Outlook
The Malaysian Ringgit is showing resilience in early 2026 as the US dollar weakens on rate-cut expectations, and Malaysia's economy strengthens. Growth in Q3 2025 at 5.2% supports domestic demand and exports, while fiscal consolidation aims for a 3.5% deficit of GDP by 2026. Sustained FDI inflows in technology and green energy bolster external demand, and firmer oil prices help energy exporters. In the near term, the MYR could extend gains if the dollar remains soft, but it remains sensitive to shifts in US policy and oil-price moves.
Key drivers
- US Federal Reserve's rate cuts have weakened the US dollar, providing headroom for the MYR to strengthen.
- Malaysia's economy expanded 5.2% in Q3 2025, supported by domestic consumption and exports.
- Fiscal consolidation aims to reduce the deficit to 3.5% of GDP by 2026, improving financial stability.
- Continued FDI inflows, particularly in technology and green energy, support external demand for the MYR.
- Oil price movements: Oil at 68.86 USD, about 8.7% above its 3-month average, supports energy exporters and overall risk sentiment.
Range
MYR/USD around 0.2532 (7-day lows), 3-month average 0.2456, trading range 0.2395–0.2552.

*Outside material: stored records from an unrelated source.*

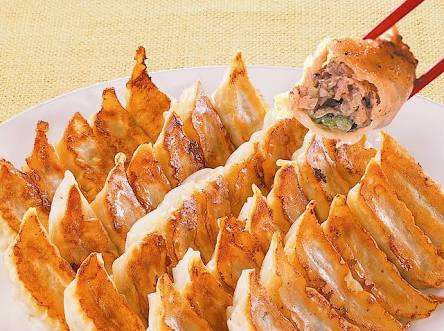 餃子、何個食べる？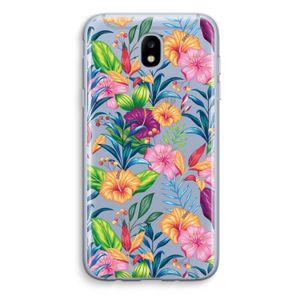 Tropisch 2: Samsung Galaxy J5 (2017) Transparant Hoesje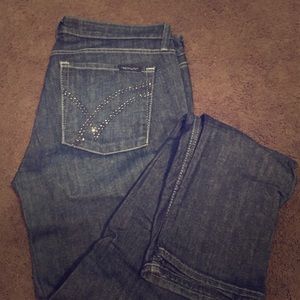 William Rast skinny jeans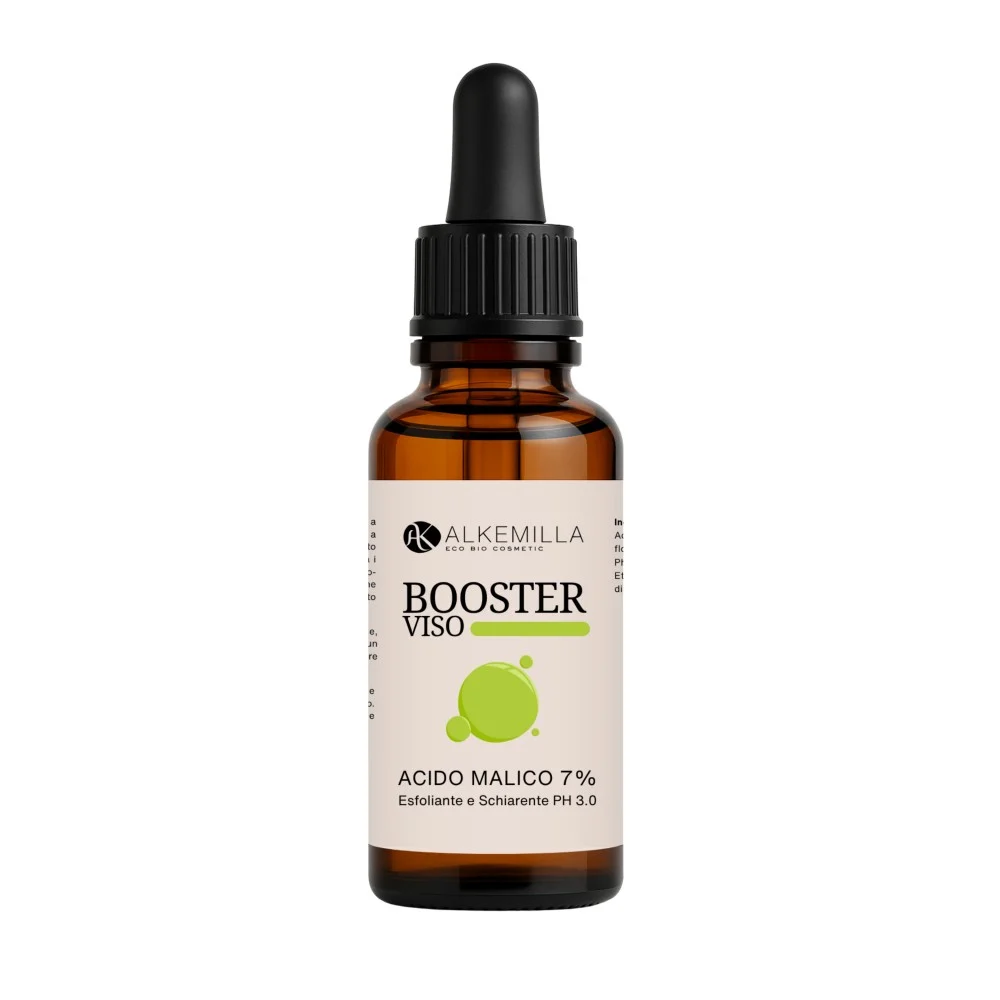 ALKEMILLA Booster Viso – Acido Malico 7%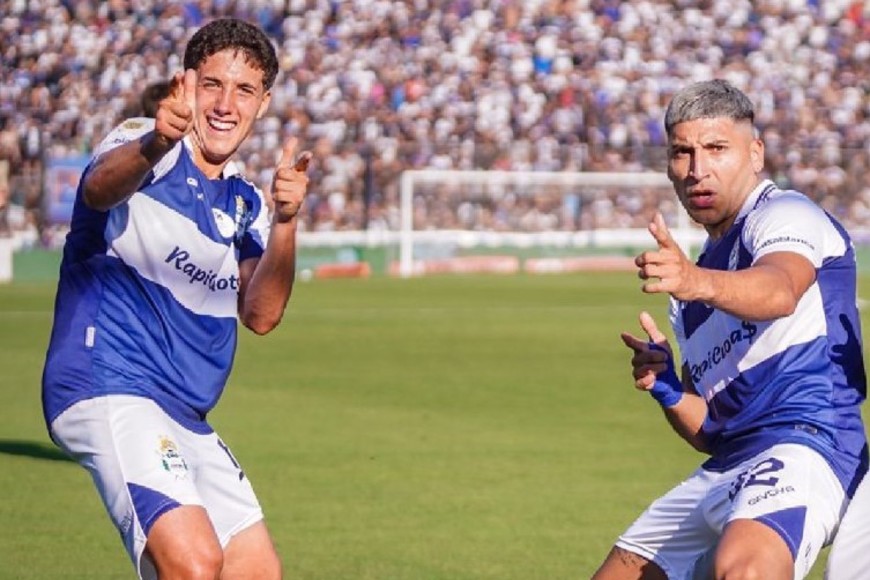 Gimnasia vs Vélez. Foto: @gimnasiaoficial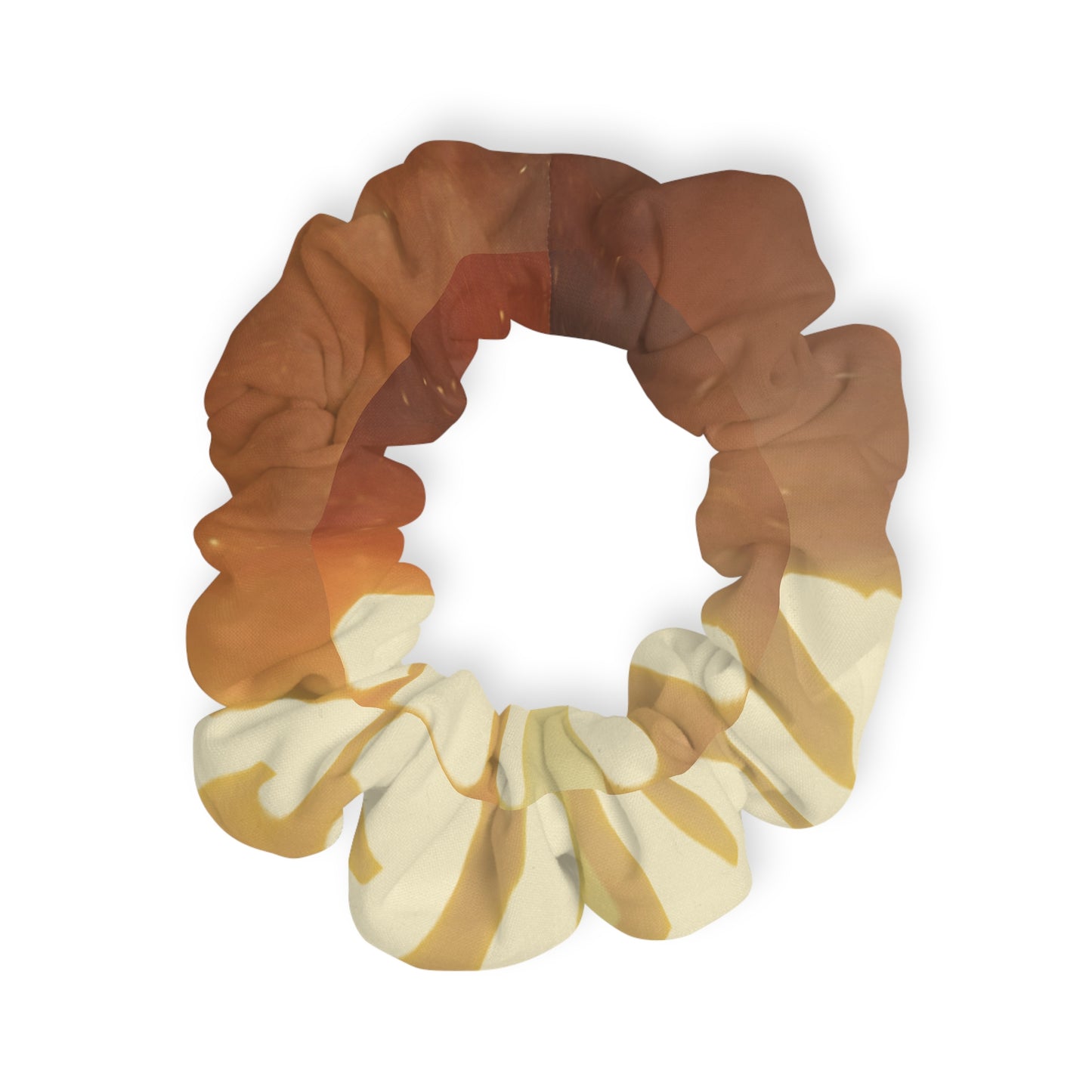 Aries Sunset Hues Scrunchie - Trendy Hair Accessory for Everyday Style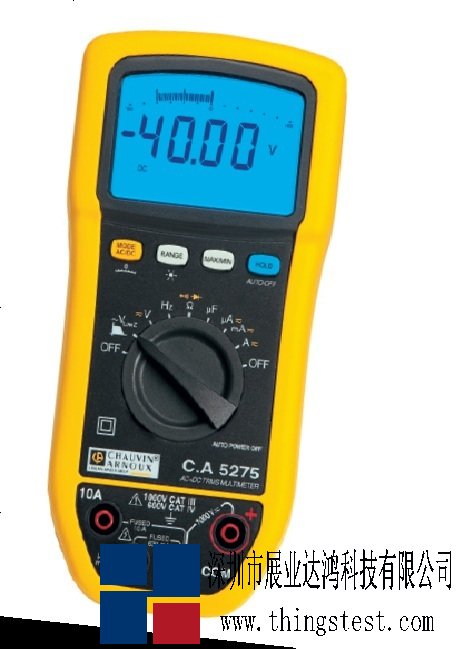 法国CA5275数字万用表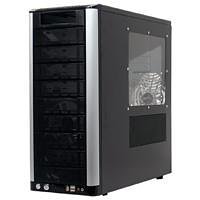 Elektronik und Foto: AeroCool BayDream Schwarz PC Geh�use Minitower 10x5.25 Schwarz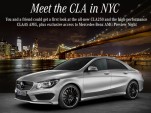 Win the chance to attend the unveiling of the 2014 Mercedes-Benz CLA45 AMG in New York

MYR/EUR around 0.2150, 3-month average 0.21, trading range 0.2070–0.2155.
MYR/GBP around 0.1872, 3-month average 0.1834, trading range 0.1813–0.1873.

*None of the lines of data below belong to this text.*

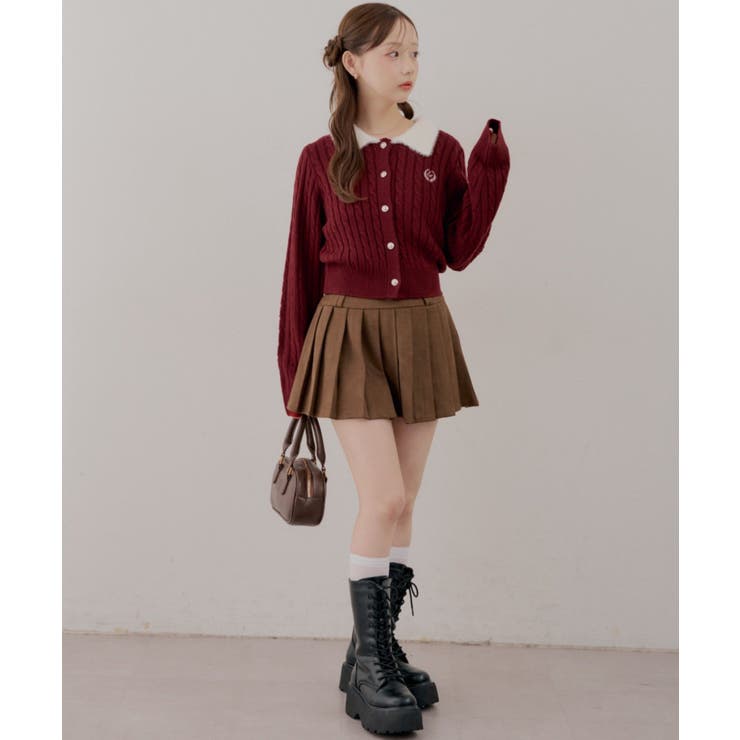衿フェザーケーブルポロ | RMAF　NICE CLAUP / OLIVE des OLIVE | 詳細画像26 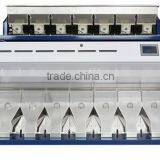 20CCD Grain Color Sorter, Color Sorting Machine With 5000+pixel and Patented Ejector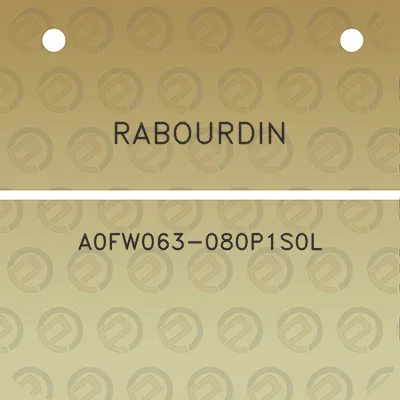 rabourdin-a0fw063-080p1s0l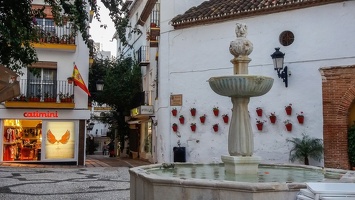 La ville de Marbella, Espagne.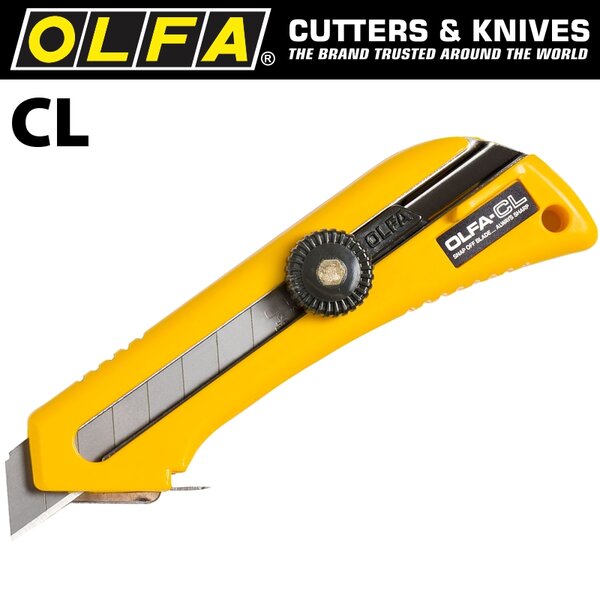 Макетен нож HEAVY, OLFA CL, 18 mm, LB, LBB Макетен нож HEAVY, OLFA CL, 18 mm, LB, LBB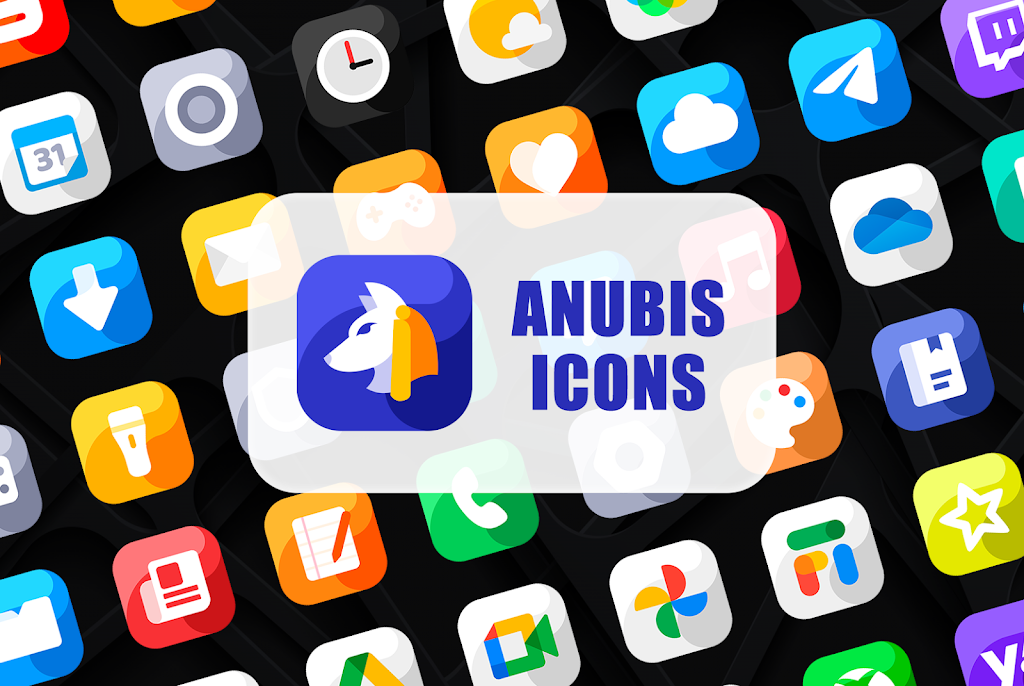 Anubis Icon Pack Mod Screenshot1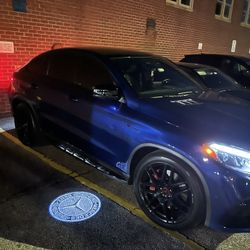 AMG Benz GLE 63 S Coupe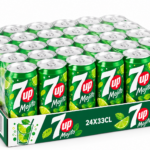 7UP Mojito 33 cl – Lot de 24 canettes
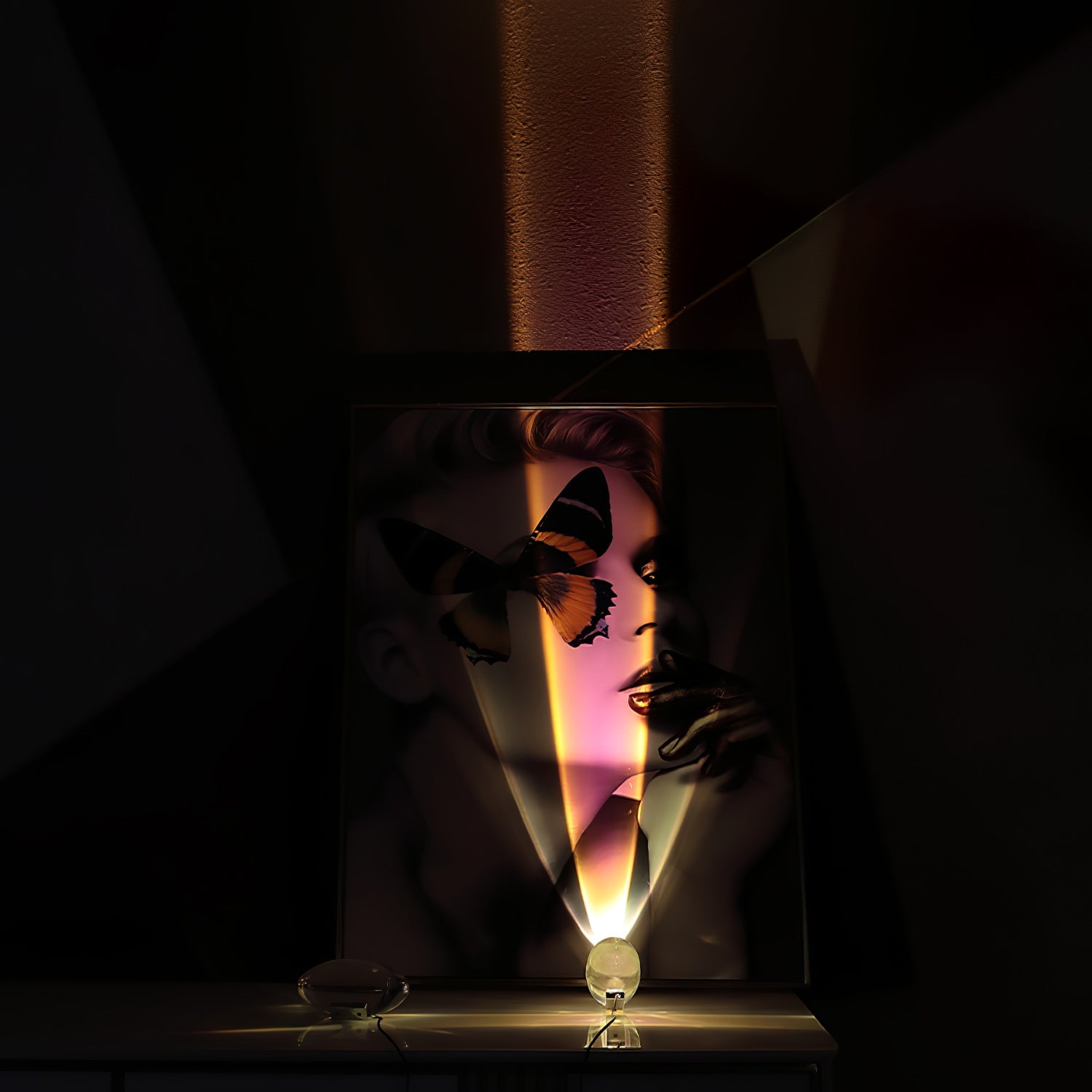 Lampa stołowa Belmir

MYR/JPY around 39.68, 3-month average 38.34, trading range 36.74–39.91.
Brent Crude OIL/USD around 68.86, 3-month average 63.37, trading range 59.04–69.09.
What could change it
- A stronger-than-expected US dollar due to hawkish Fed messaging or data would limit MYR gains.
- Domestic data surprises or higher fiscal deficits could weigh on the currency.
- A sharp fall in oil prices or a downgrade in Malaysia's energy outlook could dampen MYR strength.
- Increased global risk-off sentiment or geopolitical tensions could push the MYR lower.
- A sustained improvement in FDI inflows or a more favorable external balance could support the upside.